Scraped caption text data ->
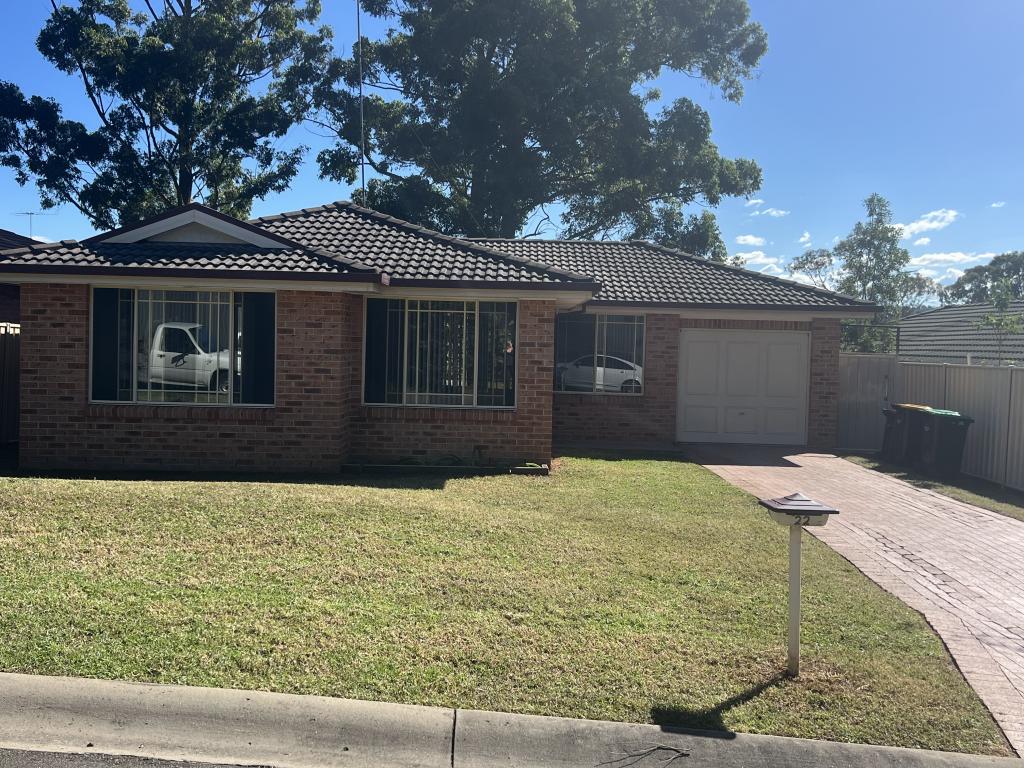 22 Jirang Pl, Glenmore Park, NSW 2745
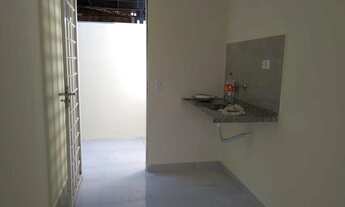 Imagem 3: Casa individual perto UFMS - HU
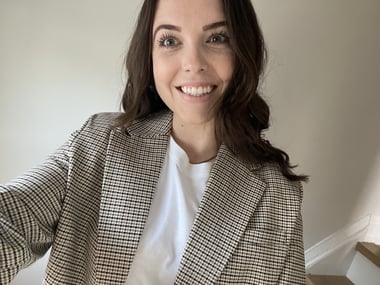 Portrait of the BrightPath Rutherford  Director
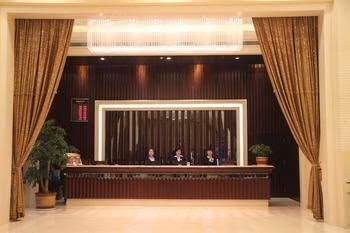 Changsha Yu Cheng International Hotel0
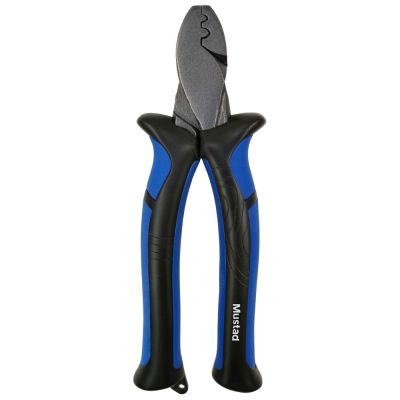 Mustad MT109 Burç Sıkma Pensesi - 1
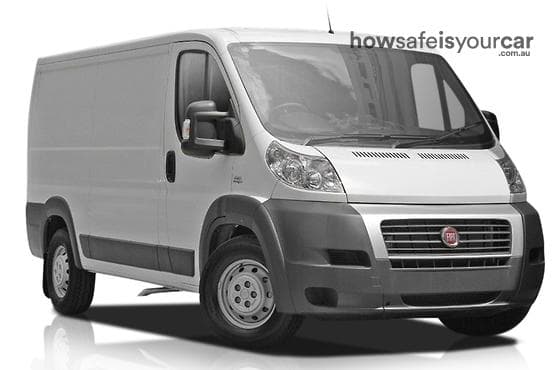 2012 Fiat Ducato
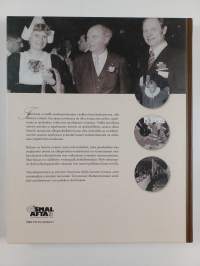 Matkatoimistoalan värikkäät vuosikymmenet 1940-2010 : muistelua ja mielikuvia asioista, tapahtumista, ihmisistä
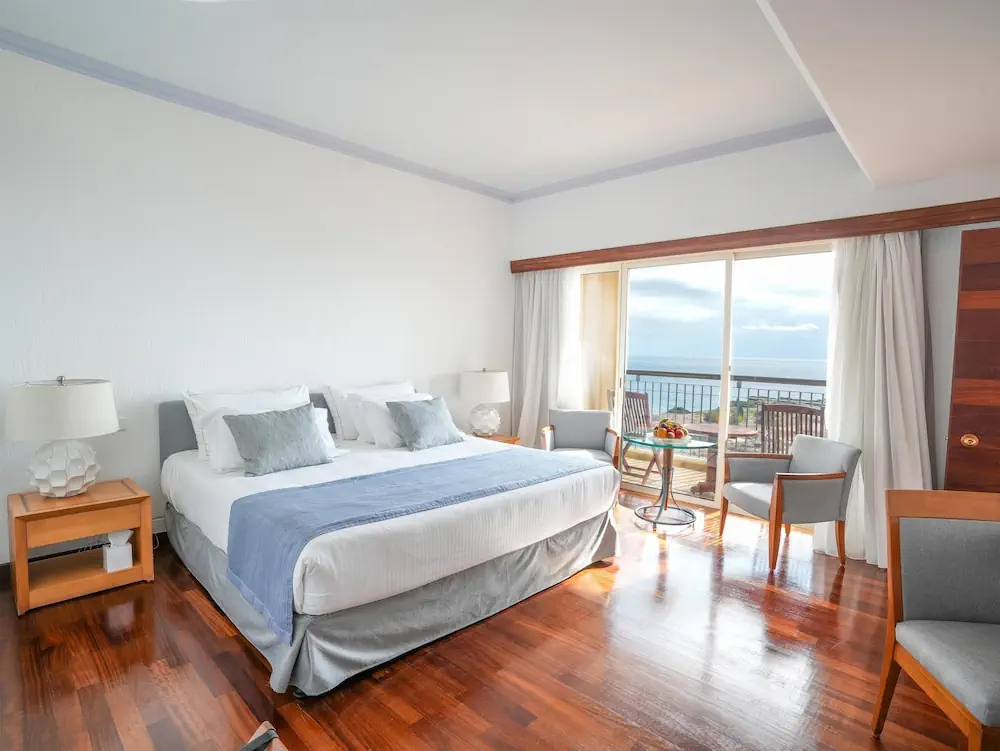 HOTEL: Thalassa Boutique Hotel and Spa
==
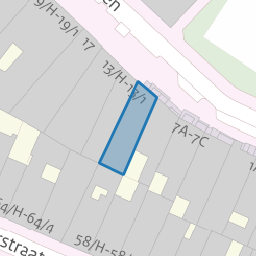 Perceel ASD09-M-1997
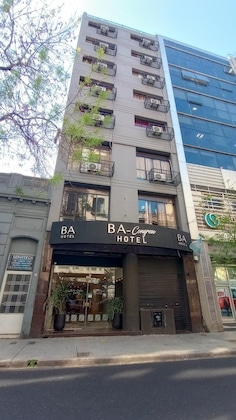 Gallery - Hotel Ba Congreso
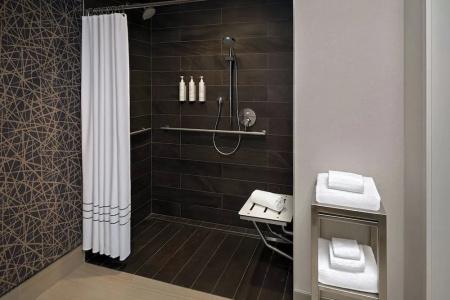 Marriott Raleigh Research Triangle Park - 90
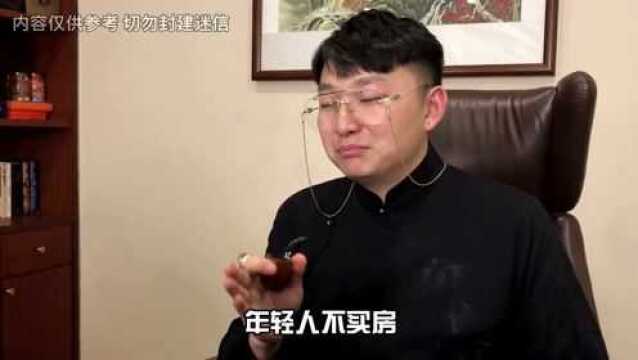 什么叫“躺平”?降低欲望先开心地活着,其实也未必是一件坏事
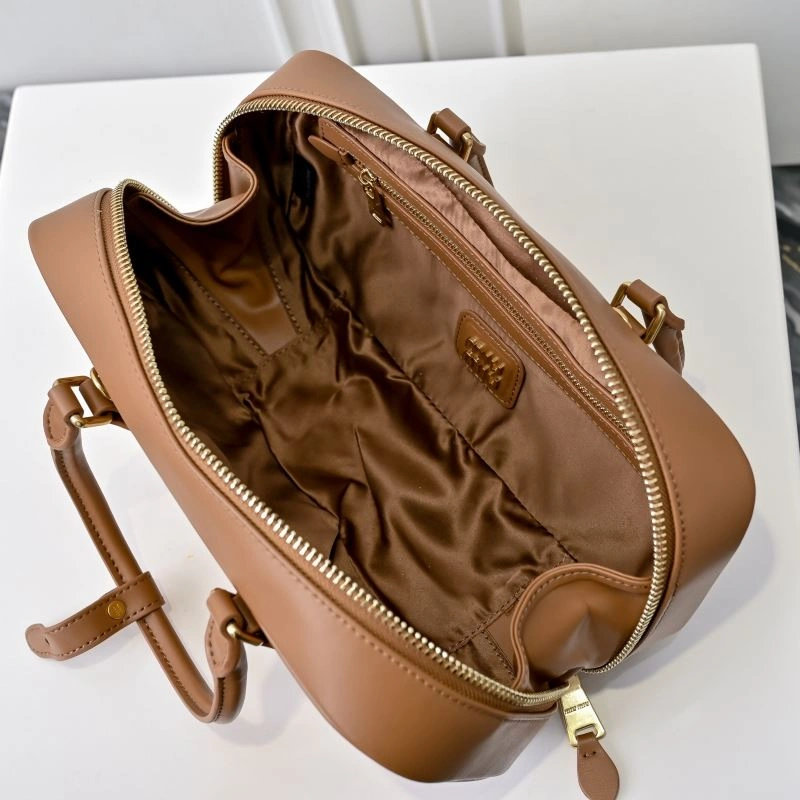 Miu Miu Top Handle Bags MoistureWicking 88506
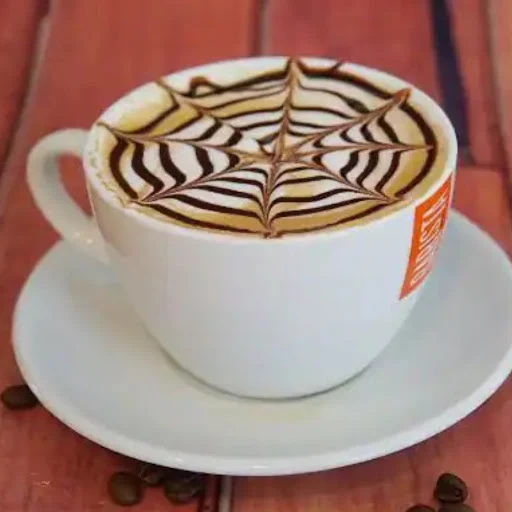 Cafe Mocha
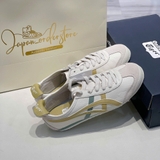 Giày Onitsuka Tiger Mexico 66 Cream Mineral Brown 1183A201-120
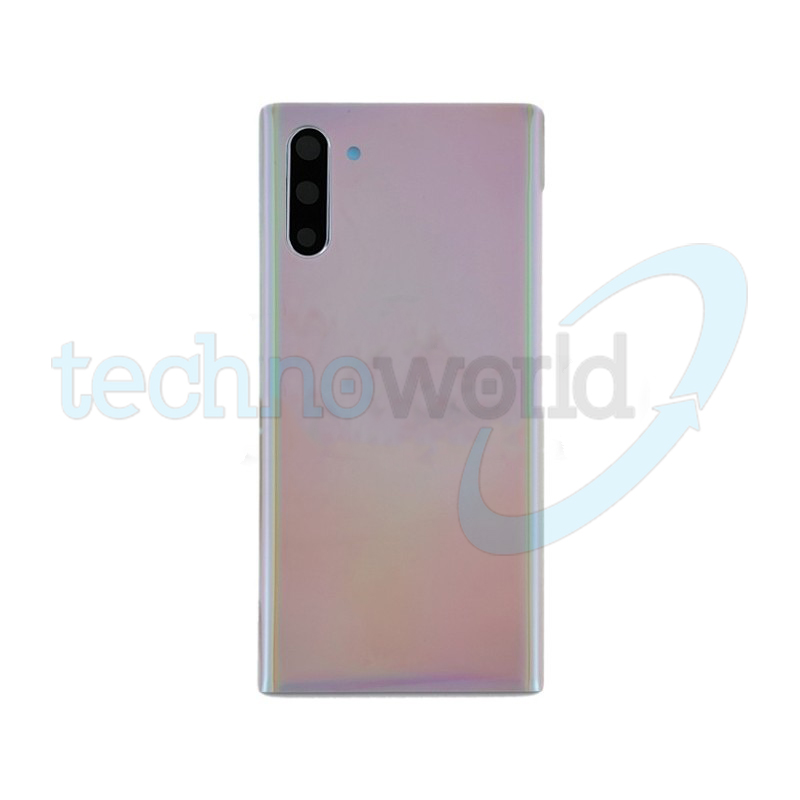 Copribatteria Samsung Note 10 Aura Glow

Exercise -> When you reach the line that has "Changsha Yu Cheng International Hotel0" in the data above, start repeating lines exactly, and stop after the line that has "HOTEL: Thalassa Boutique Hotel and Spa"; pictures stay out.

Written response ->
 Changsha Yu Cheng International Hotel0
 Mustad MT109 Burç Sıkma Pensesi - 1
 2012 Fiat Ducato
 Matkatoimistoalan värikkäät vuosikymmenet 1940-2010 : muistelua ja mielikuvia asioista, tapahtumista, ihmisistä
 HOTEL: Thalassa Boutique Hotel and Spa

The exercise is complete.